Re: Testing spark with AWS spot instances

2016-03-27 Thread Alexander Pivovarov
I use spot instances for 100 slaves cluster (r3.2xlarge on us-west-1)
Jobs I run usually take about 15 hours - cluster is stable and fast. 1-2
computers might be terminated but it's very rare event and Spark can handle
it.

On Fri, Mar 25, 2016 at 6:28 PM, Sven Krasser  wrote:

> When a spot instance terminates, you lose all data (RDD partitions) stored
> in the executors that ran on that instance. Spark can recreate the
> partitions from input data, but if that requires going through multiple
> preceding shuffles a good chunk of the job will need to be redone.
> -Sven
>
> On Thu, Mar 24, 2016 at 10:15 PM, Dillian Murphey  > wrote:
>
>> I'm very new to apache spark. I'm just a user not a developer.
>>
>> I'm running a cluster with many spot instances. Am I correct in
>> understanding that spark can handle an unlimited number of spot instance
>> failures and restarts?  Sometimes all the spot instances will dissapear
>> without warning, and then they come back.  Can I trust spark to pickup all
>> jobs where it left off?
>>
>> I'm noticing some instability with my system. I'm suspecting it could be
>> disk or RAM issues.  When I add a lot of slaves I run low on RAM on my
>> master.  Maybe that's part of the problem. But jut want to confirm my
>> understanding.
>>
>
>
>
> --
> www.skrasser.com 
>


Re: Testing spark with AWS spot instances

2016-03-25 Thread Sven Krasser
When a spot instance terminates, you lose all data (RDD partitions) stored
in the executors that ran on that instance. Spark can recreate the
partitions from input data, but if that requires going through multiple
preceding shuffles a good chunk of the job will need to be redone.
-Sven

On Thu, Mar 24, 2016 at 10:15 PM, Dillian Murphey 
wrote:

> I'm very new to apache spark. I'm just a user not a developer.
>
> I'm running a cluster with many spot instances. Am I correct in
> understanding that spark can handle an unlimited number of spot instance
> failures and restarts?  Sometimes all the spot instances will dissapear
> without warning, and then they come back.  Can I trust spark to pickup all
> jobs where it left off?
>
> I'm noticing some instability with my system. I'm suspecting it could be
> disk or RAM issues.  When I add a lot of slaves I run low on RAM on my
> master.  Maybe that's part of the problem. But jut want to confirm my
> understanding.
>



-- 
www.skrasser.com 


Testing spark with AWS spot instances

2016-03-24 Thread Dillian Murphey
I'm very new to apache spark. I'm just a user not a developer.
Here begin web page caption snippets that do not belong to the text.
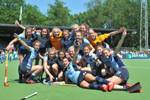 Hockey final ECCC 2012 Laren-HCDB (1-0)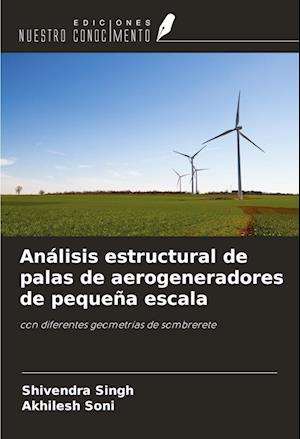 Análisis estructural de palas de aerogeneradores de pequeña escala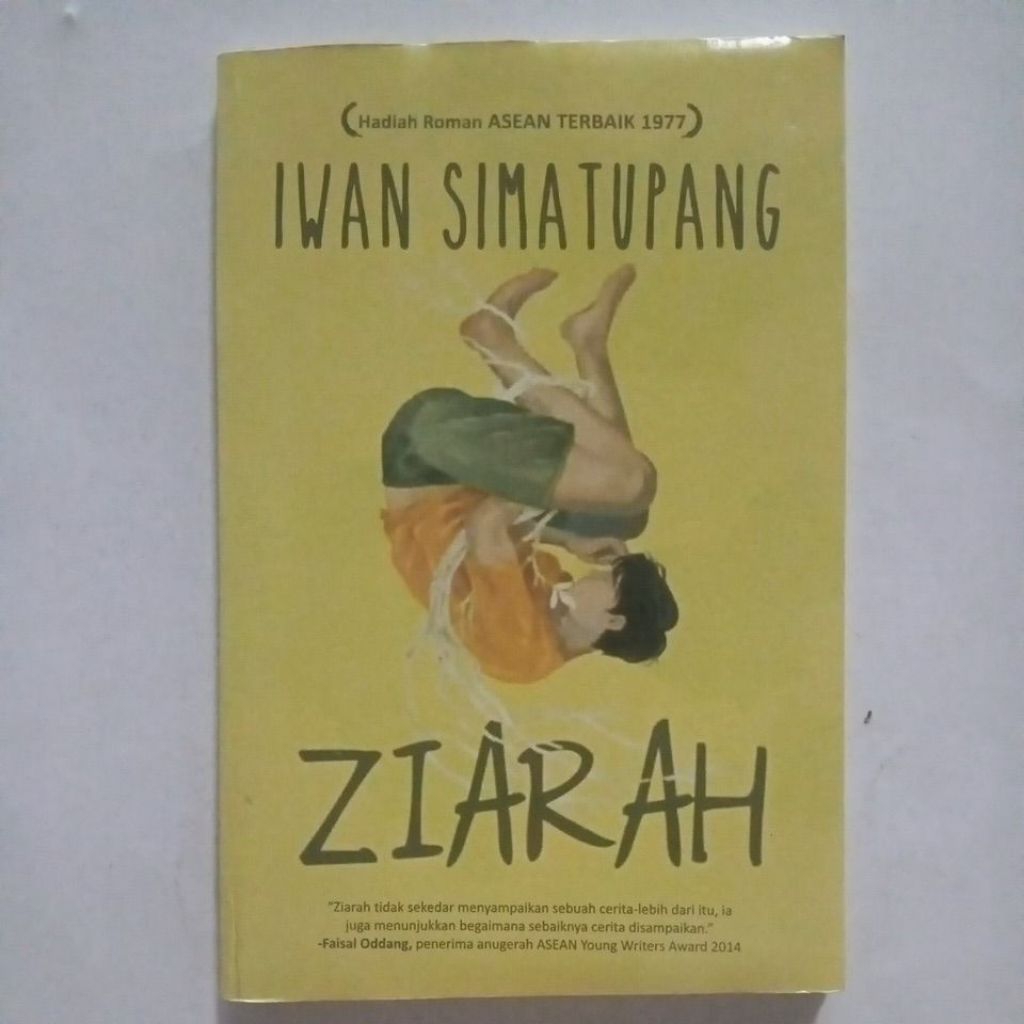 Buku Ziarah Iwan Simatupang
I'm running a cluster with many spot instances. Am I correct in
understanding that spark can handle an unlimited number of spot instance
failures and restarts?  Sometimes all the spot instances will dissapear
without warning, and then they come back.  Can I trust spark to pickup all
jobs where it left off?

I'm noticing some instability with my system. I'm suspecting it could be
disk or RAM issues.  When I add a lot of slaves I run low on RAM on my
master.  Maybe that's part of the problem. But jut want to confirm my
understanding.